The research uses data from the Mayor's Office that calculates the percentage of households in each borough with access to green space in each London borough, including parks and natural open spaces such as woods, commons, heaths, waterways and marshes. Household recycling rates are also factored in before deducting average carbon emissions to come up with an overall 'Green' ranking. When compared with average prices over almost two decades, it appears higher average price rises generally correlate to those areas that score highly in terms of their overall green rating.
Caspar Bell, Research Analyst at Chestertons, says: "It makes sense that people would choose to live in areas where there are plenty of parks and which are relatively free of pollution and offer a good quality of life. In the light of our findings it's perhaps no surprise the most of the top ten boroughs are currently very sought-after places to live. It would seem the eco-credentials of a given part of London do have a bearing on the area's desirability among owner-occupiers and investors alike.
"We've seen a number of key policies introduced across London across the past two decades, from the Congestion Charge to London Councils' commitment to eradicating landfill by 2020. Successive politicians, not least the current London Mayor Boris Johnson and his would-be successors, have campaigned extensively on green issues – tackling traffic pollution or questioning the effects of airport expansion, for instance.
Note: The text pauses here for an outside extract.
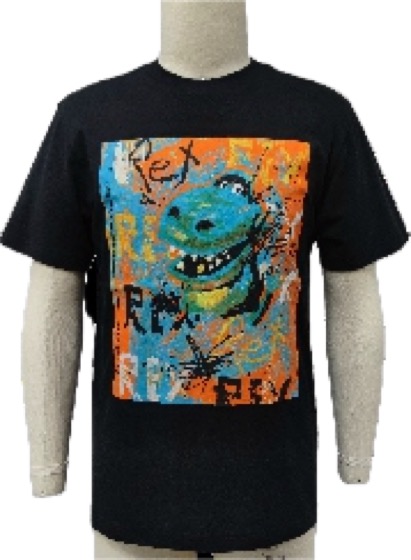 Black tee with Toy Story Rex dinosaur print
Zac Goldsmith, the Conservatives' candidate to fight next May's Mayoral contest, is well known for his at-times outspoken views on environmental issues.
"We can certainly say that 20 years ago, which is as far back as the relevant house-price data in this study goes, people probably gave much less consideration to things like recycling rates and local air pollution levels when choosing whereabouts in London they'd like to live.
"Of course there are a couple of notable exceptions to the overall trends – Tower Hamlets, Greenwich and Enfield all feature in the top ten green boroughs but actually underperformed when set against London average price rises over the period; however, when you consider the booming residential sales and lettings markets in Canary Wharf, Docklands, Greenwich and Blackheath, it's fair to suggest that these areas are currently highly desirable and that property prices will rise strongly over the next five to ten years, making them look very strong investment options."